(Records excerpted from a collection)

+ + + +

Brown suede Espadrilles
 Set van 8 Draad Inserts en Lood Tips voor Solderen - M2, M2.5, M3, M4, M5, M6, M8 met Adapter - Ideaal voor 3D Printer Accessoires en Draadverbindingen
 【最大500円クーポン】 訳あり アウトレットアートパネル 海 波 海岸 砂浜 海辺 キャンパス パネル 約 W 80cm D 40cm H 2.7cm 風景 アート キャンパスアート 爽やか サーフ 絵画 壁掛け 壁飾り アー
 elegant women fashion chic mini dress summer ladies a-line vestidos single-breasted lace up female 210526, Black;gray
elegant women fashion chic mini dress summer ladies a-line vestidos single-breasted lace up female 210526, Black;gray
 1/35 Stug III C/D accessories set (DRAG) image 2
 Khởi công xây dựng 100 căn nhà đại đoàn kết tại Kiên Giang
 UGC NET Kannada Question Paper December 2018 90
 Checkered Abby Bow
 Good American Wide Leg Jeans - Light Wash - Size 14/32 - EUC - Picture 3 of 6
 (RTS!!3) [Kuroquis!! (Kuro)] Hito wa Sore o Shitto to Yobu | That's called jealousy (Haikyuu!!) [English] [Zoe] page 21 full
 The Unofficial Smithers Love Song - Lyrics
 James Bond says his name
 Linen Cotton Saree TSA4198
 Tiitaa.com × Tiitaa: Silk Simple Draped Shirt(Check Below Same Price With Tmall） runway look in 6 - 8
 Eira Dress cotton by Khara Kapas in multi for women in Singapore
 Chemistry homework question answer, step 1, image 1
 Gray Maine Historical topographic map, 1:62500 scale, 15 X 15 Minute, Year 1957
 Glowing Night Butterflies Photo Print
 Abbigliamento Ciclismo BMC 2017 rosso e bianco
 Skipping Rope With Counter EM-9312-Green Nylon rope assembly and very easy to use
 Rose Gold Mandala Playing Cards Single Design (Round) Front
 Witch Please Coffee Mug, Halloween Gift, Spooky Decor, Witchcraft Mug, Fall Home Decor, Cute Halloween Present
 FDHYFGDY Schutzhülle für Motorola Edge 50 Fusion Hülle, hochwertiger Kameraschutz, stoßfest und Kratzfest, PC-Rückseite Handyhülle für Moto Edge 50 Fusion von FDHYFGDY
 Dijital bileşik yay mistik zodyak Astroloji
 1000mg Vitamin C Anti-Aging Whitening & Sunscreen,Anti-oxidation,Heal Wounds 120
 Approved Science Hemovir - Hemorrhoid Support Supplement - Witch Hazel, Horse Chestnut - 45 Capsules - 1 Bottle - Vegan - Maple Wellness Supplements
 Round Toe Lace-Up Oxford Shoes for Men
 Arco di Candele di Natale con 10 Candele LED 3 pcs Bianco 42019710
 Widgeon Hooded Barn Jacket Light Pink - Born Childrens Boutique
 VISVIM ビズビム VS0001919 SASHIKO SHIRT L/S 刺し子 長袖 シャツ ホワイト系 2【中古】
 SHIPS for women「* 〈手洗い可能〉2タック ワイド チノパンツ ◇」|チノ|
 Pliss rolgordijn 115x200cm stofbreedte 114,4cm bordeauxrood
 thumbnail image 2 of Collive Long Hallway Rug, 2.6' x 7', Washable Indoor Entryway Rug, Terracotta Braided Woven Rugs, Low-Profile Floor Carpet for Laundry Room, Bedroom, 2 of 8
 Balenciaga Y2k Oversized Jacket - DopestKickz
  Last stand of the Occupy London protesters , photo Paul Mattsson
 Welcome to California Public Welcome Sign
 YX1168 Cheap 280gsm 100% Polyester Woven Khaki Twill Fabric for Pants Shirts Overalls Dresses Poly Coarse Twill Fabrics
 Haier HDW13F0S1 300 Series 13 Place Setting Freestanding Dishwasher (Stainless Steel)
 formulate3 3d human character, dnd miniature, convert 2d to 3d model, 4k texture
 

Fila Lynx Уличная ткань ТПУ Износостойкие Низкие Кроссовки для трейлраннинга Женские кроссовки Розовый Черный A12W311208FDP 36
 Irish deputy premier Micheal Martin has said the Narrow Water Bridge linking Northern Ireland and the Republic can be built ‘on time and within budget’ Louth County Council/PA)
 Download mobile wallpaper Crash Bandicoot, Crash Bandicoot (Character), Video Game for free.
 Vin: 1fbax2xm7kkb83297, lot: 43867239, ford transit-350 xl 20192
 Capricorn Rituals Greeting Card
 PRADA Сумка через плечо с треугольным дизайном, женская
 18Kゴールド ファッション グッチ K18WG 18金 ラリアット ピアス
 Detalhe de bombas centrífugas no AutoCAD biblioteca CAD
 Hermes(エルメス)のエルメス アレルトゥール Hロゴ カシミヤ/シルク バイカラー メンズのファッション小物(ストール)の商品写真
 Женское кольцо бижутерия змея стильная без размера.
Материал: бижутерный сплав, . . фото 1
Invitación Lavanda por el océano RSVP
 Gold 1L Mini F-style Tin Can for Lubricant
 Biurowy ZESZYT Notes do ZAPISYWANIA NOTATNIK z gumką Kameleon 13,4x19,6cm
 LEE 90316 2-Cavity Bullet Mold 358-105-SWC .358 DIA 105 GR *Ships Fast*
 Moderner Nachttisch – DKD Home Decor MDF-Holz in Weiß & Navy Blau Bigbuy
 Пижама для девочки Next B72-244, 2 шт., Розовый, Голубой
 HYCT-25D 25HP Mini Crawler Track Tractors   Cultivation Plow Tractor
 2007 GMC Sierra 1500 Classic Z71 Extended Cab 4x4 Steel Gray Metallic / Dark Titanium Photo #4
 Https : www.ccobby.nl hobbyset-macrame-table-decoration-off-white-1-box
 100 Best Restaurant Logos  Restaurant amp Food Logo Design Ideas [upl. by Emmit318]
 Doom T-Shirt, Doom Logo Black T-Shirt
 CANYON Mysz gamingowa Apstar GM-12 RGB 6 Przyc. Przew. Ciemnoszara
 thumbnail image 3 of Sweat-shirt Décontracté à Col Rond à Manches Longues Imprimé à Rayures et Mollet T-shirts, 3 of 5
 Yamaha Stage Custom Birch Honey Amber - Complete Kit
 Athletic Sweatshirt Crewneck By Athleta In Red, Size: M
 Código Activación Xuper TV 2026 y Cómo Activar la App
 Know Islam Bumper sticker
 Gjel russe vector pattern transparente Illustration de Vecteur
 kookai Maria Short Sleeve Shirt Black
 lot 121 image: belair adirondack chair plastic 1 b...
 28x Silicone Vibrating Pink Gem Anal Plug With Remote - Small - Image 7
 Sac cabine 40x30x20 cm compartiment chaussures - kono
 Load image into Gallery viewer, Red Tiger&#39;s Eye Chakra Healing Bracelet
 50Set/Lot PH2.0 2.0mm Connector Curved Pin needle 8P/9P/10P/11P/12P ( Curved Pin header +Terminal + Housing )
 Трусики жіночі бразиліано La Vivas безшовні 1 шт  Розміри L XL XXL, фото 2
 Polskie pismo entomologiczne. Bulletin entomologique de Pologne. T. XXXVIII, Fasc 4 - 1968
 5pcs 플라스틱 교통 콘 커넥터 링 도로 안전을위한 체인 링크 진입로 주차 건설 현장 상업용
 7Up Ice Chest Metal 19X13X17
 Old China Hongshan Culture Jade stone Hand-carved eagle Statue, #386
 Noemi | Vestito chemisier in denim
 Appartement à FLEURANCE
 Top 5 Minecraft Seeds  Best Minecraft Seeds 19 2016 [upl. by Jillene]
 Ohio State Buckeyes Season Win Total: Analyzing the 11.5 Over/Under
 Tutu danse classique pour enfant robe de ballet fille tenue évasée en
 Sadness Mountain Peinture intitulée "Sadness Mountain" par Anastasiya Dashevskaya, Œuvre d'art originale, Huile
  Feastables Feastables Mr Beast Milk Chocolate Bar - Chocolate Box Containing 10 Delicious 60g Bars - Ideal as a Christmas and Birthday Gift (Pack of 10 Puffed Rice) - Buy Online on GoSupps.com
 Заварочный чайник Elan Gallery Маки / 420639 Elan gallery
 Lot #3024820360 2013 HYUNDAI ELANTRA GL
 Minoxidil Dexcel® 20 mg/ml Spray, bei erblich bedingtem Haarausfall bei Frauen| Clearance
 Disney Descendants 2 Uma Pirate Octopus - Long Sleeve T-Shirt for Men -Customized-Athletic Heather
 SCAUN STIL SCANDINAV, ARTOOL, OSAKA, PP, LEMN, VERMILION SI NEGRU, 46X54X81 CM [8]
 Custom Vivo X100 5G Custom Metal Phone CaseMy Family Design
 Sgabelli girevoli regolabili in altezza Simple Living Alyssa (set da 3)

+ + + +

Problem to solve
Would you copy out exactly the lines above that start at the one containing "Invitación Lavanda por el océano RSVP" and end at the one containing "100 Best Restaurant", inclusive?

Result
Invitación Lavanda por el océano RSVP
 Gold 1L Mini F-style Tin Can for Lubricant
 Biurowy ZESZYT Notes do ZAPISYWANIA NOTATNIK z gumką Kameleon 13,4x19,6cm
 LEE 90316 2-Cavity Bullet Mold 358-105-SWC .358 DIA 105 GR *Ships Fast*
 Moderner Nachttisch – DKD Home Decor MDF-Holz in Weiß & Navy Blau Bigbuy
 Пижама для девочки Next B72-244, 2 шт., Розовый, Голубой
 HYCT-25D 25HP Mini Crawler Track Tractors   Cultivation Plow Tractor
 2007 GMC Sierra 1500 Classic Z71 Extended Cab 4x4 Steel Gray Metallic / Dark Titanium Photo #4
 Https : www.ccobby.nl hobbyset-macrame-table-decoration-off-white-1-box
 100 Best Restaurant Logos  Restaurant amp Food Logo Design Ideas [upl. by Emmit318]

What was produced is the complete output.